Manifestation 1: Yokohama Triennial, 2005
Manifestation 2: California College of Art, San Francisco, 2005
Manifestation 3: Auckland Triennial, 2007
Chinatown at 2nd Yokohama Triennial
September 28–December 18, 2005
The Yokohama Chinatown was first established during the Chinese Ming Dynasty (1871). Over 100 years since its establishment, Chinatown has developed from relying on the businesses of the “three knives” (hair-clippers, chef’s knife, and tailor’s scissors), to today where there exists a well developed and independent economic culture and social system.
In this context, “nostalgia” has been converted into a reciprocal experience and strategy. Within this self-recognized world, how do we use the vision and method of culture to deconstruct and distinguish between those spiritual/psychological spaces that either exist, have been extinguished, or completely altered, and the space left between the individual cultural discrepancies and the collective subconscious memory? How is all of this being covered and symbolized in the “ordinary”?

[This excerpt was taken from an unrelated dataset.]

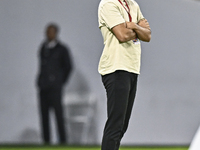 Poya Asbaghi, head coach of Al Rayyan FC, reacts during the Ooredoo Qatar Stars League 24/25 match between Al Rayyan SC and Al Wakrah SC at...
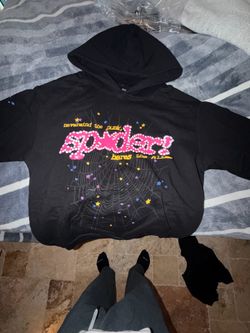 SP5DER Black Hoodie, Size Medium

Because of the relationship the history of Yokohama has with today’s social and political-economic conditions and Chinatown, the Yokohama Triennial presented an ideal context to realize Long March Project–Chinatown. The Long March Collective included 6 Chinese artists, who each produced works in collaboration with Long March. Production of the works created a connection between the exhibition space and Chinatown. A portion of the works were carried out in Chinatown spaces, creating a relationship with the art audience and the people on the streets of Chinatown that lies somewhere between art and ordinary life. The Long March team also conducted a survey at numerous venues in both the triennial space and Chinatown.

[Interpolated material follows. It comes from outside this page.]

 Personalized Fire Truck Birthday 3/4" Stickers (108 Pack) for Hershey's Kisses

(This is a curatorial proposal for a section integral to the scope of Yokohama Triennial.)
Participating Artists:
Long March Collective (Guo Fengyi, Hu Xiancheng, Qiu Zhijie, Xu Zhen, Zhao Gang, and an anonymous artist), Jiang Jie, Chen Xiaoyun, Yao Jui-Chung
Introduction of artworks
Guo Fengyi, Chinatown, painting and performance, 2005
Guo Fengyi, a 63-year-old woman artist with psychic powers, is presenting a drawing performance. Her work is informed by the concept of the Tao (The Way), a worldview that originated in ancient China. Taoism, which appears in overseas Chinese societies throughout the world, has become a symbol of a universal philosophy of life as well as the religion of a particular ethnic group. This work is not just a Taoist experiment but an exploration of different places in China and Japan. Which are both under the influence of the same philosophy.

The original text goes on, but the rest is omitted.